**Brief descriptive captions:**
Segment Open

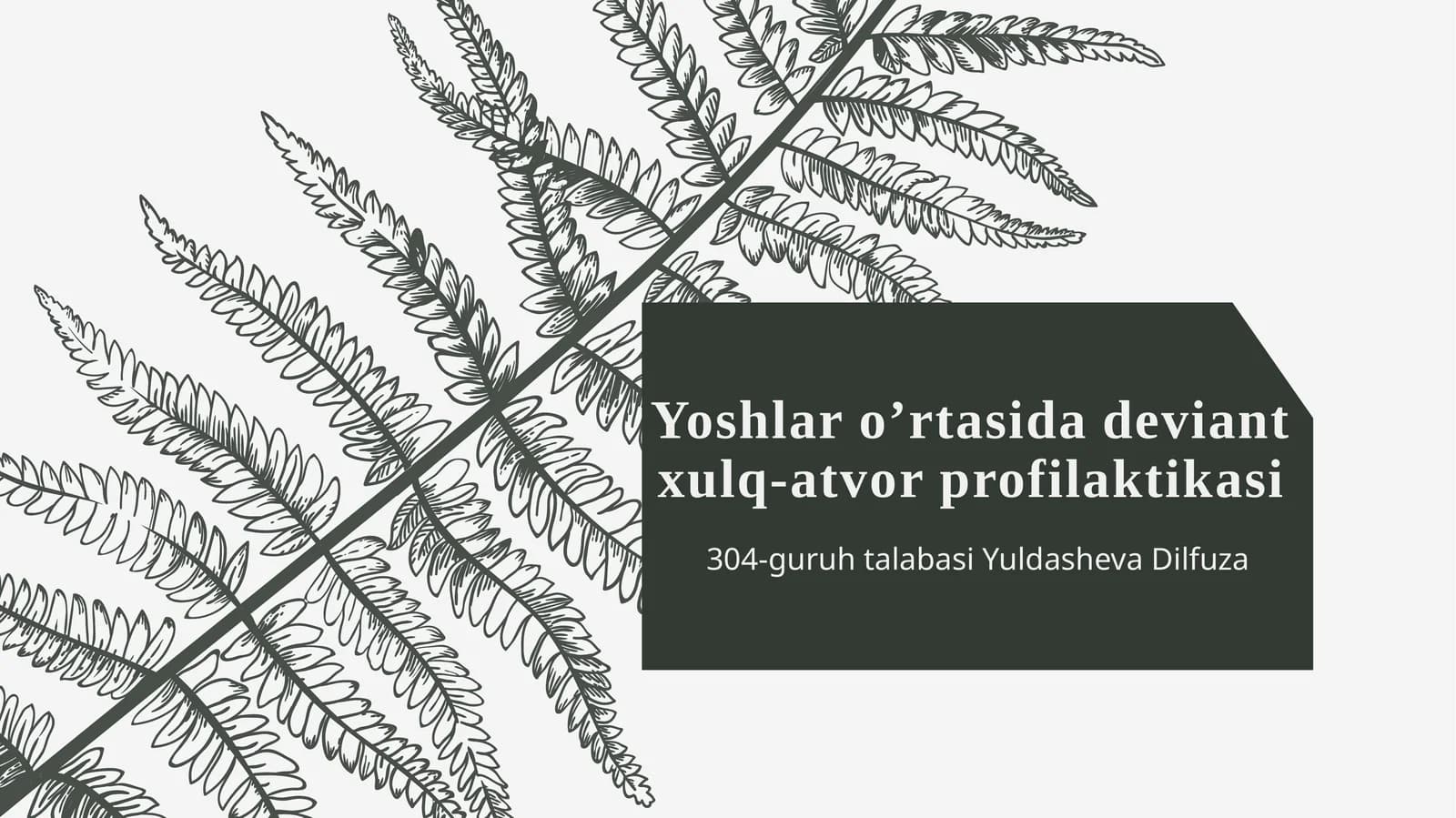 Yoshlar o’rta sidagi deviant xulq-atvori profilaktikasi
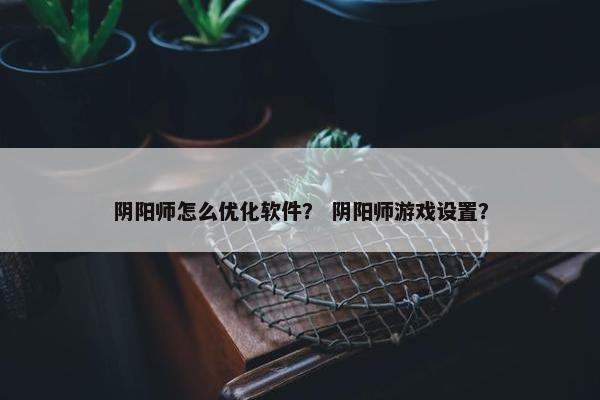 阴阳师怎么优化软件？ 阴阳师游戏设置？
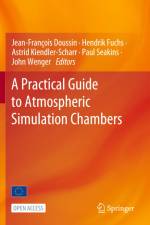 A Practical Guide to Atmospheric Simulation Chambers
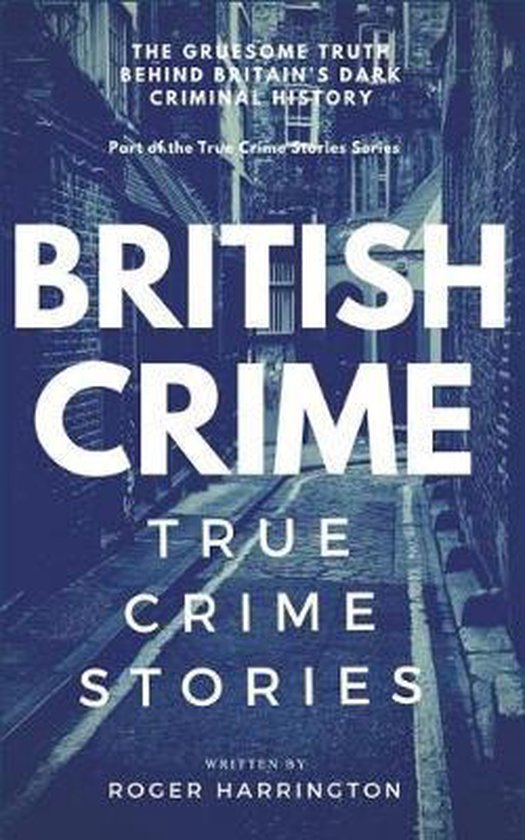 True Crime Stories British Crime, Roger Harrington 9781520821368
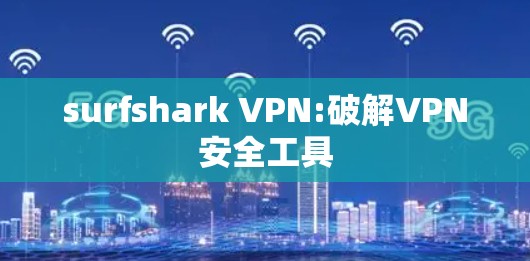 surfshark VPN:破解VPN安全工具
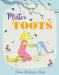 Mister Toots by Emma Chichester Clark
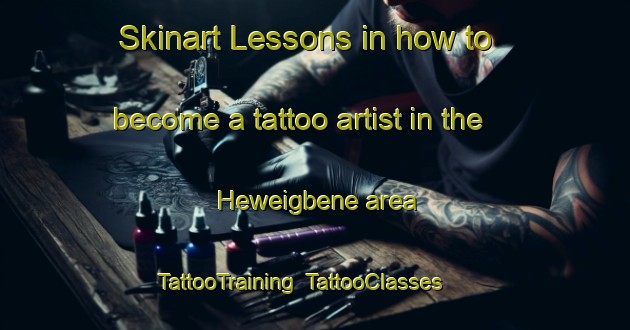 Skinart Lessons in how to become a tattoo artist in the Heweigbene area | TattooTraining | TattooClasses | SkinartTraining-Nigeria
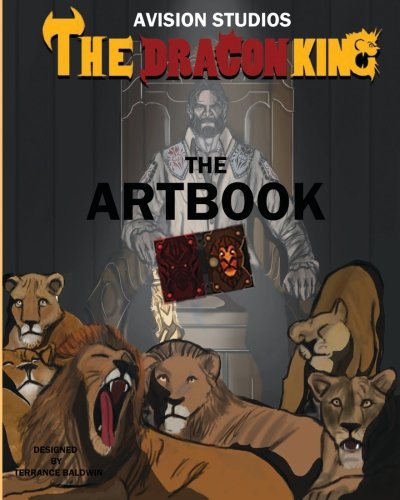 Preisvergleich Produktbild Avision Studios The DragonKing Artbook: AVS ArtBook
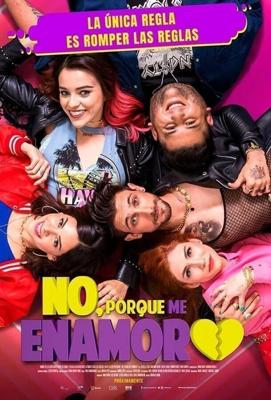 Потому что я влюбилась / No, porque me enamoro (2020) смотреть онлайн бесплатно в отличном качестве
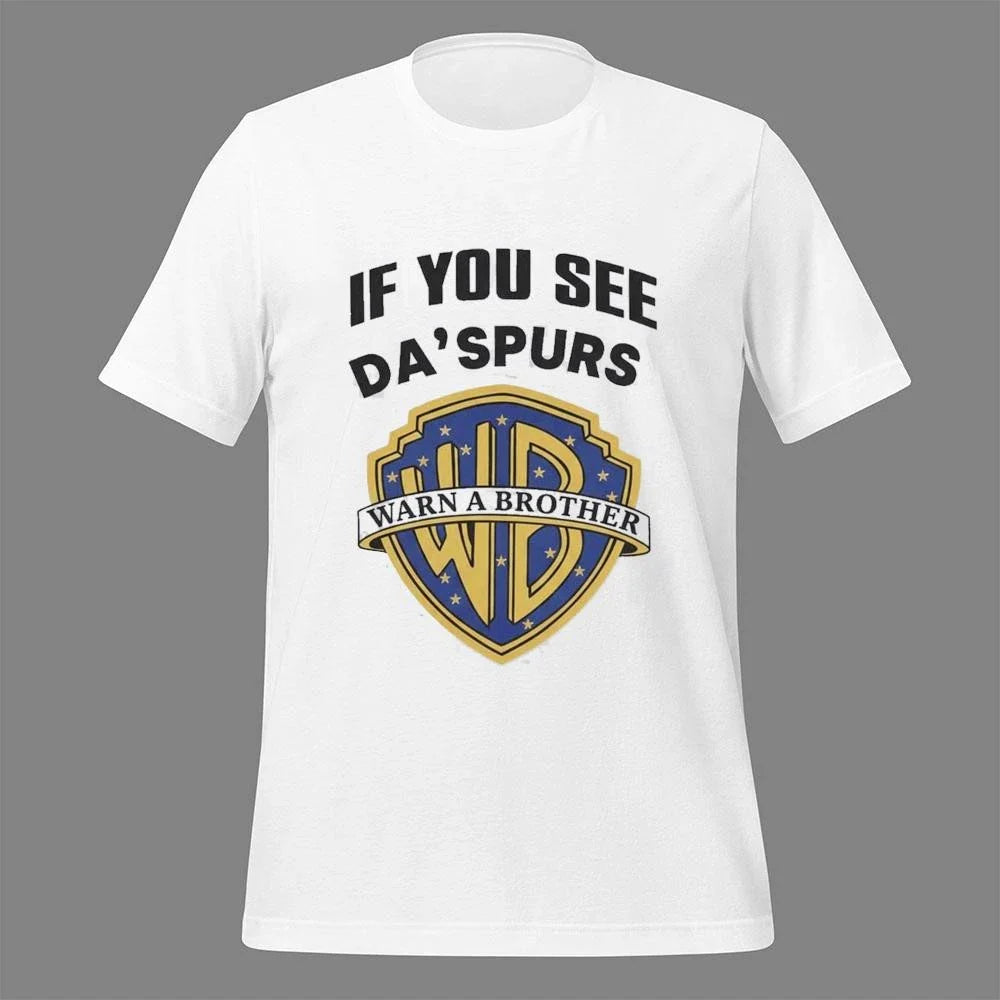 If You See Da Spurs Warn A Brother Shirt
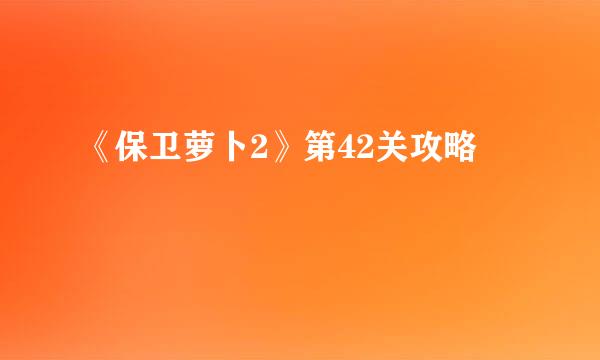 《保卫萝卜2》第42关攻略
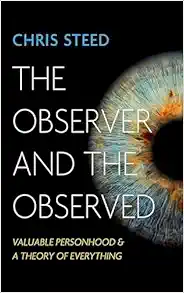 The Observer and the Observed: Valuable Personhood and a Theory of Everything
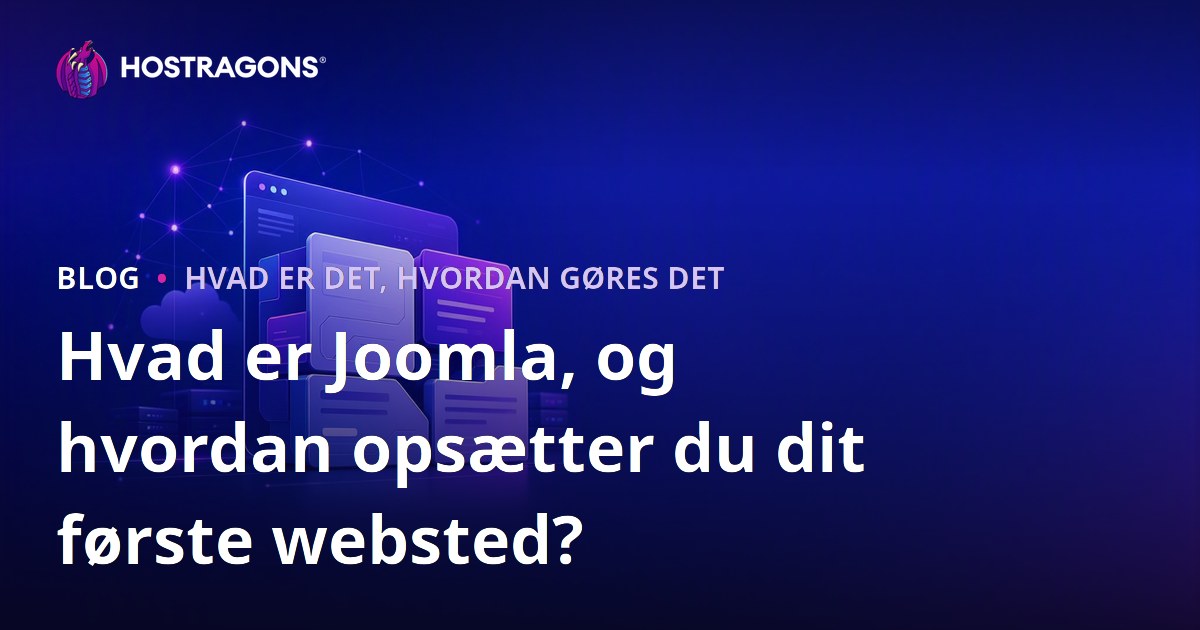 Hvad er Joomla, og hvordan opsætter du dit første websted?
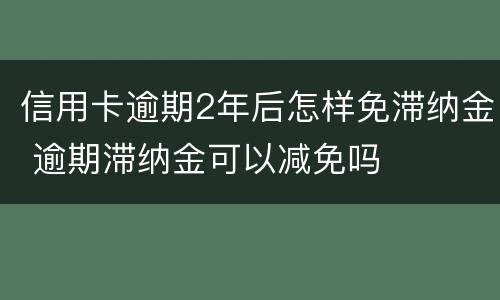 信用卡逾期2年后怎样免滞纳金 逾期滞纳金可以减免吗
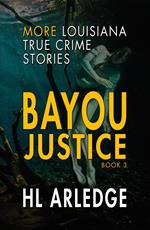 Bayou Justice: More Louisiana True Crime Stories
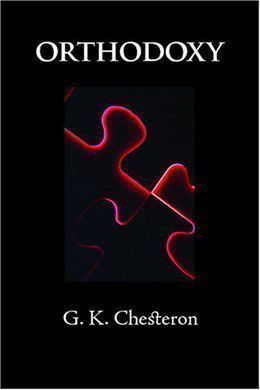 Orthodoxy by G. K. Chesterton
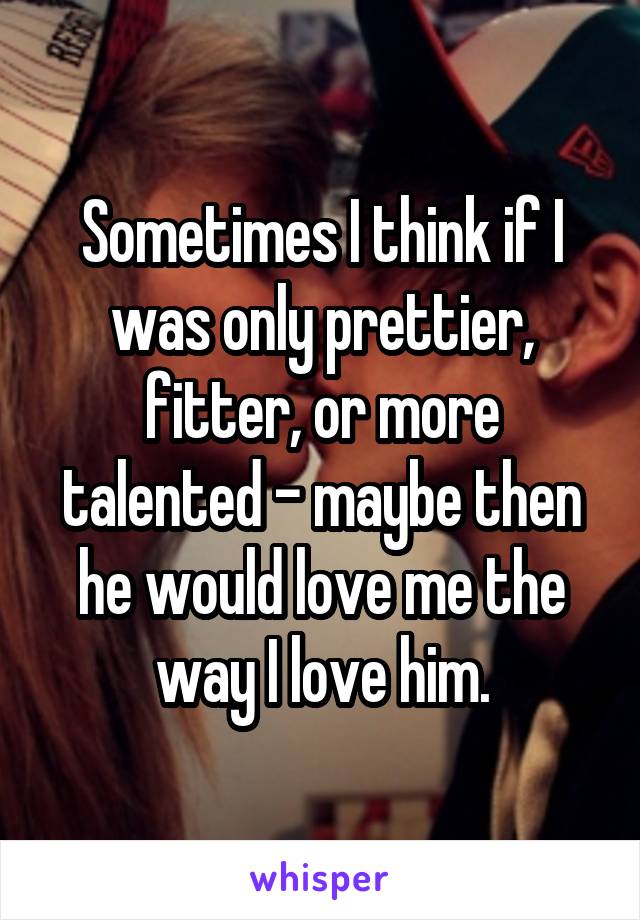 Sometimes I think if I was only prettier, fitter, or more talented - maybe then he would love me the way I love him.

Segment Closed

**ASSIGNMENT:** The lines to retype run from the one containing "surfshark VPN:破解VPN安全工具" through the last line of the records above; write them exactly and skip the pictures.

**YOUR RESPONSE:**
 surfshark VPN:破解VPN安全工具
 Mister Toots by Emma Chichester Clark
 Skinart Lessons in how to become a tattoo artist in the Heweigbene area | TattooTraining | TattooClasses | SkinartTraining-Nigeria
 Preisvergleich Produktbild Avision Studios The DragonKing Artbook: AVS ArtBook
 Потому что я влюбилась / No, porque me enamoro (2020) смотреть онлайн бесплатно в отличном качестве
 If You See Da Spurs Warn A Brother Shirt
 《保卫萝卜2》第42关攻略
 The Observer and the Observed: Valuable Personhood and a Theory of Everything
 Hvad er Joomla, og hvordan opsætter du dit første websted?
 信用卡逾期2年后怎样免滞纳金 逾期滞纳金可以减免吗
 Bayou Justice: More Louisiana True Crime Stories
 Orthodoxy by G. K. Chesterton
 Sometimes I think if I was only prettier, fitter, or more talented - maybe then he would love me the way I love him.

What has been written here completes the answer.